I was smiling already because Damon was texting, but his use of our nickname for Grant had me stifling giggles. Because, man, was it apropos. But then my cell vibrated once more.

Also, can we reschedule Pizza Night tomorrow? I have a date.

 

 

My smile faded.

A date?

Damon had a date?

What the fuck? How dare he have the nerve to go on a—

“No, Eden,” I muttered, so maybe I was growing used to having him in my life frequently, but it wasn’t like I was ready to forget everything that happened to me and get myself a boyfriend.

Even if that boyfriend was Damon? my brain asked

Yes. Even then.

“This is a good thing,” I murmured. “He’s moving on. Just as it should be.” I sucked in a breath, forced my fingers to type out a reply.

Sure, we can reschedule. Want to do Friday night instead?

 

 

A few moments before another buzz.

I can’t. I’m leaving Friday for my trip.

 

 

We’d just talked the day before, and he’d told me he was going to take a trip up the coast, leave on Saturday, make a long weekend of it. Had that changed already?

I thought you were going on Saturday?

 

 

Also, why did my heart pulse at the thought of him making plans without me?
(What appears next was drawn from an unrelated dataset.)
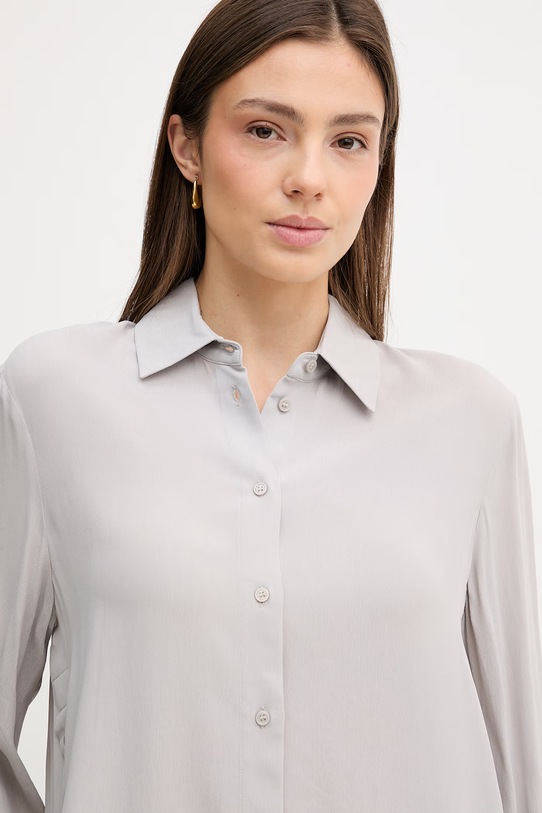 Sisley koszula szary 5IDTLQ08R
Changed my mind. So next week then?

 

 

Because I was slowly going insane, wanting things I had no business wanting. Sighing, I shoved down the urge to revolt and forced myself to remember this was a good thing. He was moving on, just like I’d asked. We were friends—

Except, date?

Fucking really?

I wrinkled my nose and then I tucked all the extraneous emotions away and sent him back a response.

Next week is great.

 

 

Then I turned off my cell, shoved it back into the pocket of the chair, and returned my focus to Grant and bearing witness to the insanity of his ego trip.
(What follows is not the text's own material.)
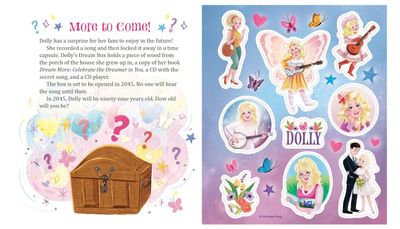 Little Golden Book | Dolly Parton Ultimate Fan Edition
It was going to be a really long day.

 

 

I hadn’t heard from Damon.

Okay, fine. That wasn’t entirely fair.

He’d texted me a couple of images, pretty shots of the coast and one striking photo of a child climbing a tree, but that was it. He hadn’t given me any words or responded to me asking about his date, and he hadn’t texted me to ask me what I wanted on our pizza for our weekly hangout tonight.

He always texted to ask.

Even though my response was always the same.

Extra pepperoni and don’t skimp on the garlic bread.